Is there a random text generator that produces correct sentences?

5

Is there any program, preferably in python, capable of generating random but syntactically correct text? The language I'm looking for is English.

    
asked by anonymous 20.10.2015 / 19:50

1 answer

4

You can create a program with several generic phrase components (subject, verb, object) that can be combined correctly.
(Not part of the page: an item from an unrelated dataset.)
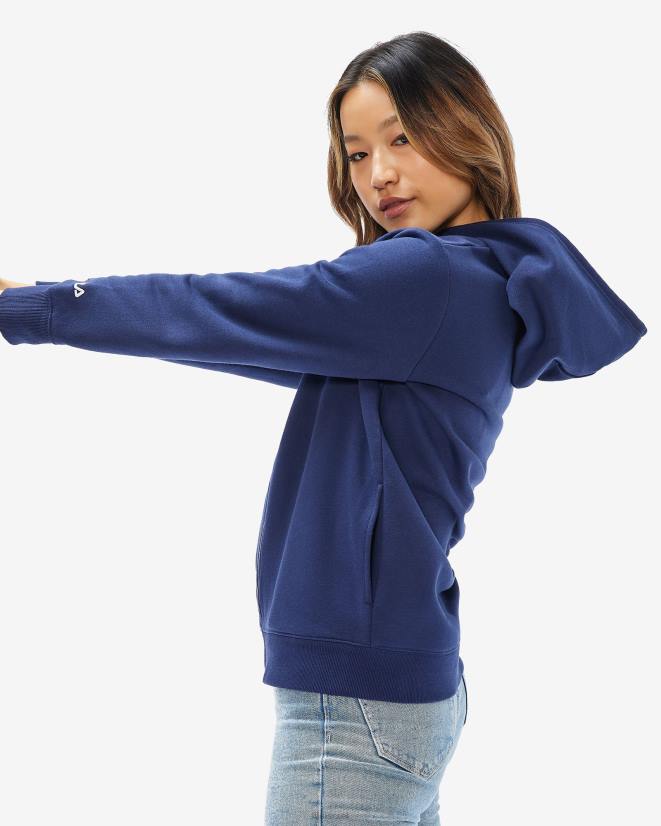 חיל הים החדש FILA fila unisex badge 2.0 zip hood new navy 68LF2653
From this you randomly select one of the components of each group, and have your text, both syntactically and semantically correct (though it may not make much sense).

A good example is link (code copied below)
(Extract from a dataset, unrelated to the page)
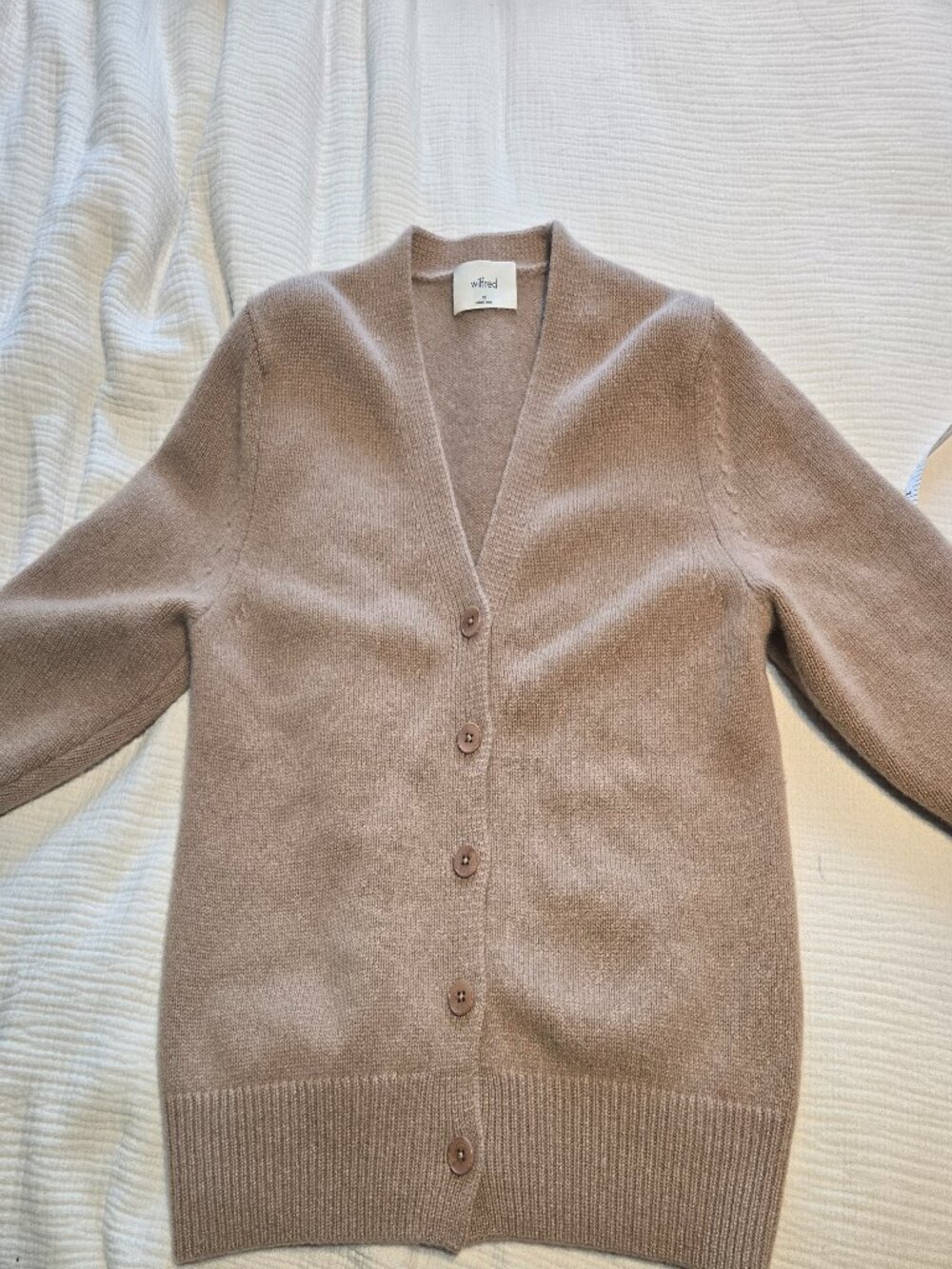 Aritzia v-neck 100% cashmere sweater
"""CHOMSKY is an aid to writing linguistic papers in the style
    of the great master.  It is based on selected phrases taken
    from actual books and articles written by Noam Chomsky.
    Upon request, it assembles the phrases in the elegant
    stylistic patterns that Chomsky is noted for.
    To generate n sentences of linguistic wisdom, type
        (CHOMSKY n)  -- for example
        (CHOMSKY 5) generates half a screen of linguistic truth."""
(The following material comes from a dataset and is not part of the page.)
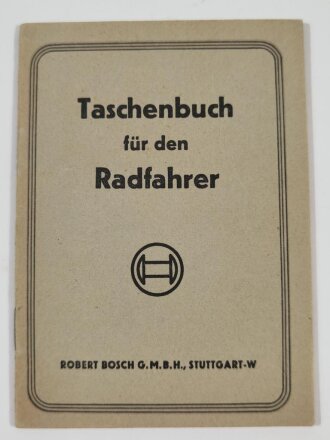 "Taschenbuch für den Radfahrer" blanko,...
leadins = """To characterize a linguistic level L,
    On the other hand,
    This suggests that
    It appears that
    Furthermore,
    We will bring evidence in favor of the following thesis:
    To provide a constituent structure for T(Z,K),
    From C1, it follows that
    For any transformation which is sufficiently diversified in application to be of any interest,
    Analogously,
    Clearly,
    Note that
    Of course,
    Suppose, for instance, that
    Thus
    With this clarification,
    Conversely,
    We have already seen that
    By combining adjunctions and certain deformations,
    I suggested that these results would follow from the assumption that
    If the position of the trace in (99c) were only relatively inaccessible to movement,
    However, this assumption is not correct, since
    Comparing these examples with their parasitic gap counterparts in (96) and (97), we see that
    In the discussion of resumptive pronouns following (81),
    So far,
    Nevertheless,
    For one thing,
    Summarizing, then, we assume that
    A consequence of the approach just outlined is that
    Presumably,
    On our assumptions,
    It may be, then, that
    It must be emphasized, once again, that
    Let us continue to suppose that
    Notice, incidentally, that """
# List of LEADINs to buy time.

subjects = """ the notion of level of grammaticalness
    a case of semigrammaticalness of a different sort
    most of the methodological work in modern linguistics
    a subset of English sentences interesting on quite independent grounds
    the natural general principle that will subsume this case
    an important property of these three types of EC
    any associated supporting element
    the appearance of parasitic gaps in domains relatively inaccessible to ordinary extraction
    the speaker-hearer's linguistic intuition
    the descriptive power of the base component
    the earlier discussion of deviance
    this analysis of a formative as a pair of sets of features
    this selectionally introduced contextual feature
    a descriptively adequate grammar
    the fundamental error of regarding functional notions as categorial
    relational information
    the systematic use of complex symbols
    the theory of syntactic features developed earlier"""
# List of SUBJECTs chosen for maximum professorial macho.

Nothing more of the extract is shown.